▶ Task: Print the data exactly as written, but leave out each picture.
- Opening Delimiter -
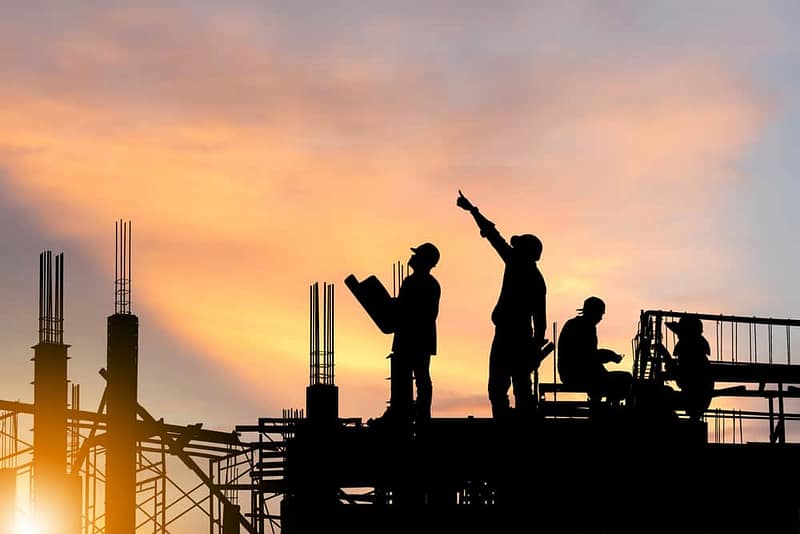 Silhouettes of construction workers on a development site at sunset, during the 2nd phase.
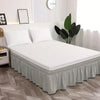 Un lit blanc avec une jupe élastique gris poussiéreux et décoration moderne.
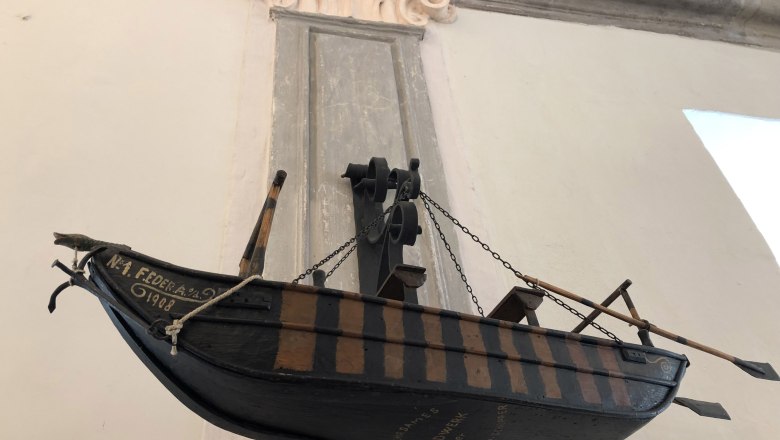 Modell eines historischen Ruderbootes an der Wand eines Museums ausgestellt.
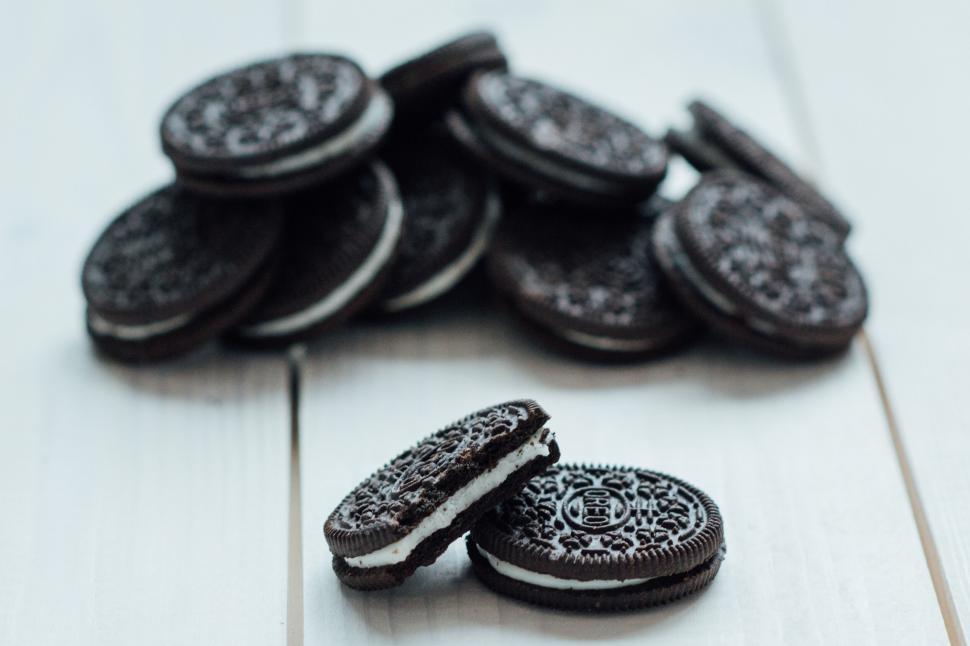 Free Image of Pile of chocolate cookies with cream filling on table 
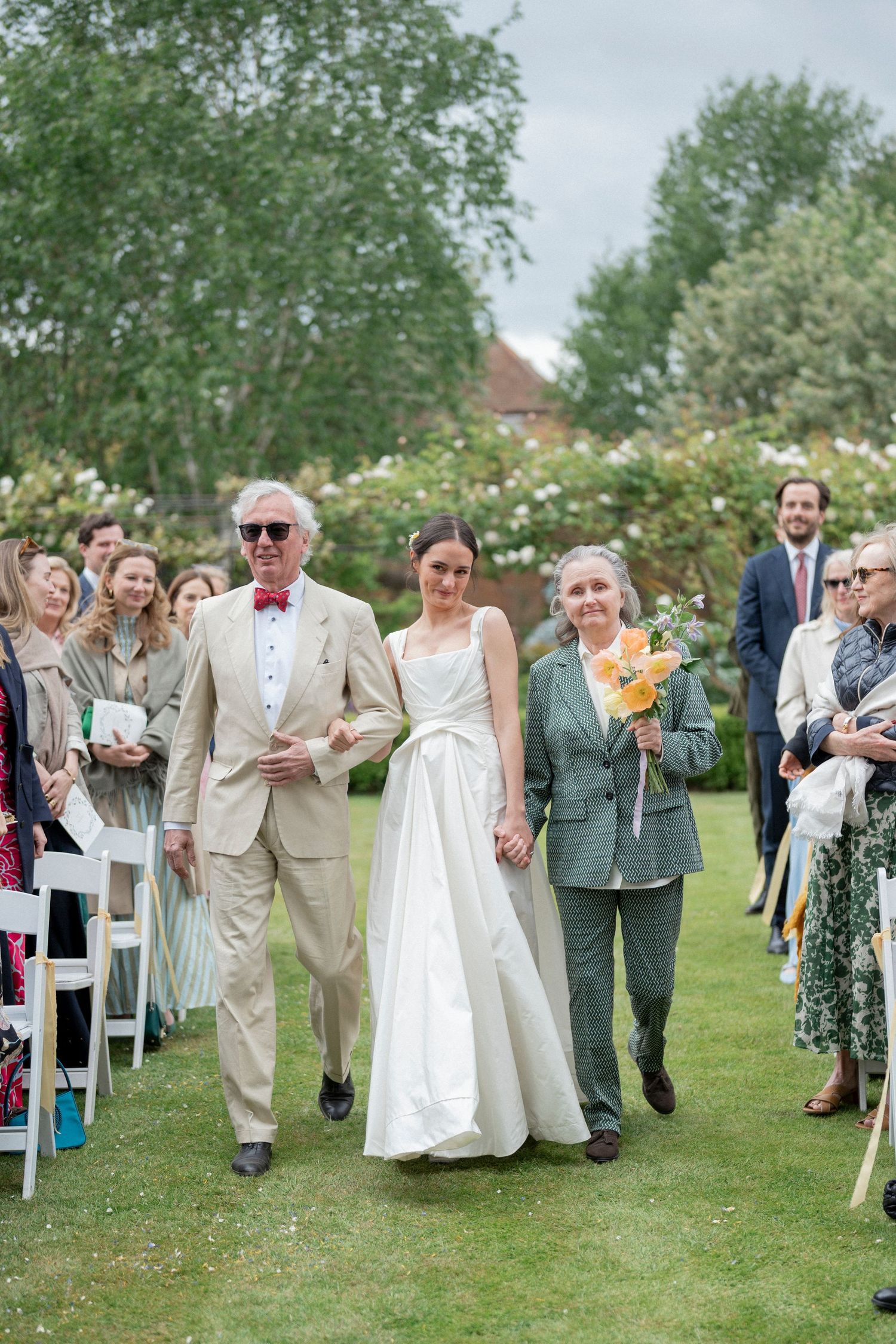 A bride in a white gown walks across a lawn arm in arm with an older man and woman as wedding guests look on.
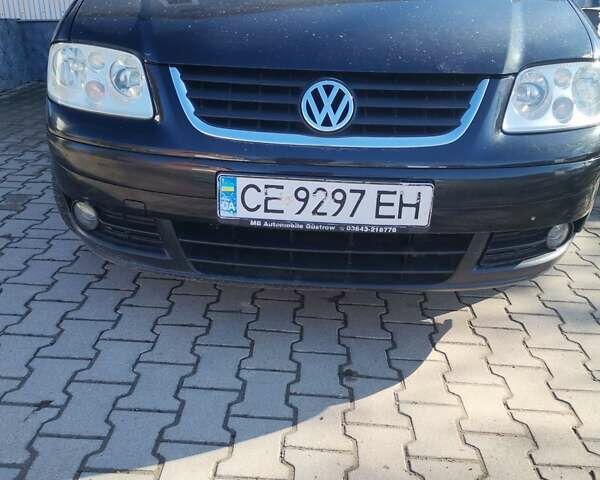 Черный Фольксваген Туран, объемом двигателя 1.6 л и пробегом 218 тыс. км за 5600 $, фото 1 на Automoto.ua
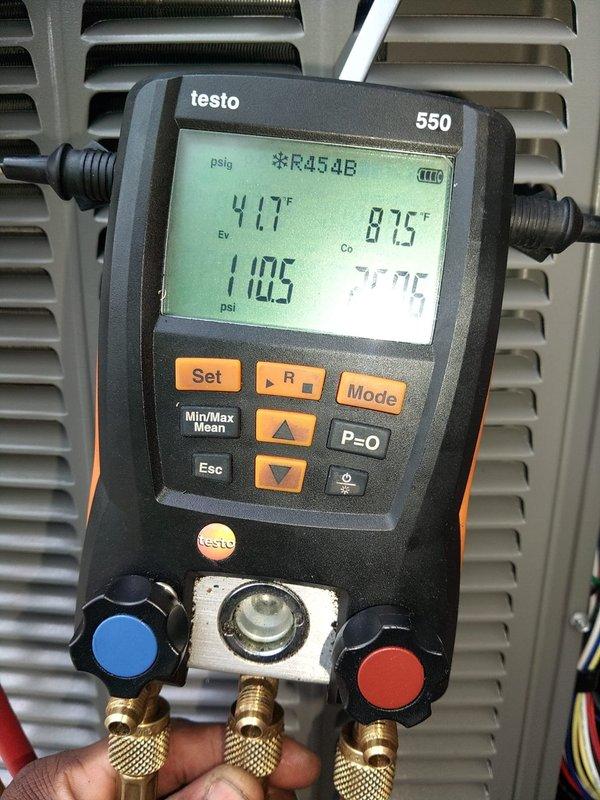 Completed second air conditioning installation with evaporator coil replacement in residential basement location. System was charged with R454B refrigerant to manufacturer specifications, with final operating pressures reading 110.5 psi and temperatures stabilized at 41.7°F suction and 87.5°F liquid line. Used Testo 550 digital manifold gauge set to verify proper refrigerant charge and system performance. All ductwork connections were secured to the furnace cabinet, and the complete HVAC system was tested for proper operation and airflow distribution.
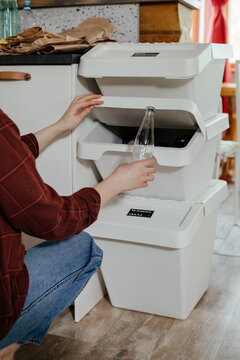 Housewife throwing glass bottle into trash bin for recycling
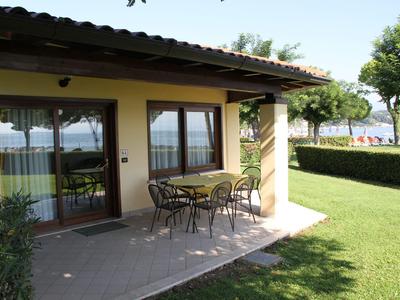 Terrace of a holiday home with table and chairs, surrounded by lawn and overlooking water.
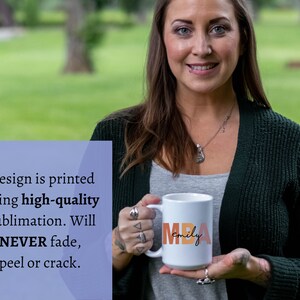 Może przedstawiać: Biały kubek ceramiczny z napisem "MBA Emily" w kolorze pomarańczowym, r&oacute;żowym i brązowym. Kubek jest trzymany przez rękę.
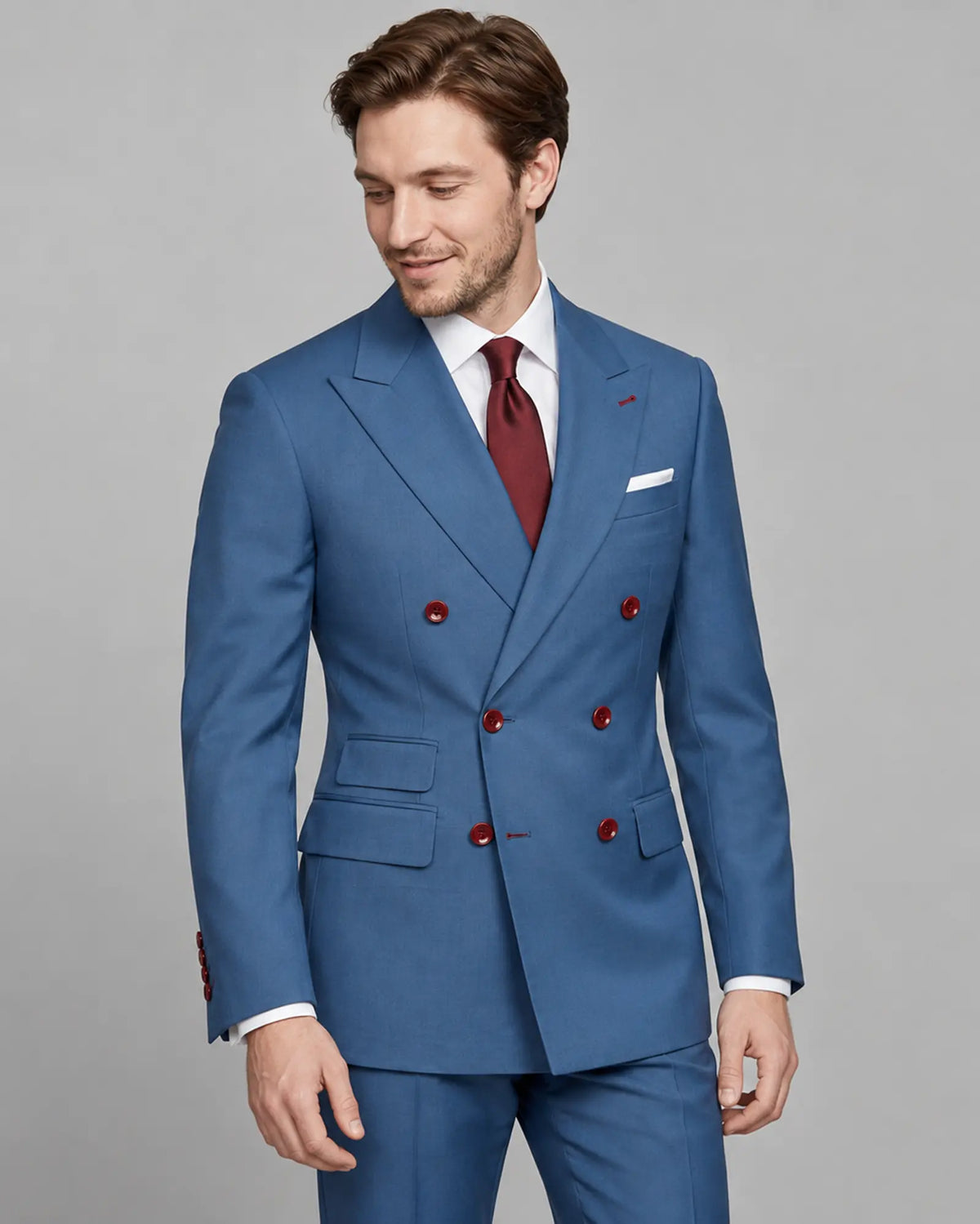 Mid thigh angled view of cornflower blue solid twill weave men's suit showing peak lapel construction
- Closing Delimiter -
▶ Exercise answer:
 Silhouettes of construction workers on a development site at sunset, during the 2nd phase.
 Un lit blanc avec une jupe élastique gris poussiéreux et décoration moderne.
 Modell eines historischen Ruderbootes an der Wand eines Museums ausgestellt.
 Free Image of Pile of chocolate cookies with cream filling on table 
 A bride in a white gown walks across a lawn arm in arm with an older man and woman as wedding guests look on.
 Черный Фольксваген Туран, объемом двигателя 1.6 л и пробегом 218 тыс. км за 5600 $, фото 1 на Automoto.ua
 Completed second air conditioning installation with evaporator coil replacement in residential basement location. System was charged with R454B refrigerant to manufacturer specifications, with final operating pressures reading 110.5 psi and temperatures stabilized at 41.7°F suction and 87.5°F liquid line. Used Testo 550 digital manifold gauge set to verify proper refrigerant charge and system performance. All ductwork connections were secured to the furnace cabinet, and the complete HVAC system was tested for proper operation and airflow distribution.
 Housewife throwing glass bottle into trash bin for recycling
 Terrace of a holiday home with table and chairs, surrounded by lawn and overlooking water.
 Może przedstawiać: Biały kubek ceramiczny z napisem "MBA Emily" w kolorze pomarańczowym, r&oacute;żowym i brązowym. Kubek jest trzymany przez rękę.
 Mid thigh angled view of cornflower blue solid twill weave men's suit showing peak lapel construction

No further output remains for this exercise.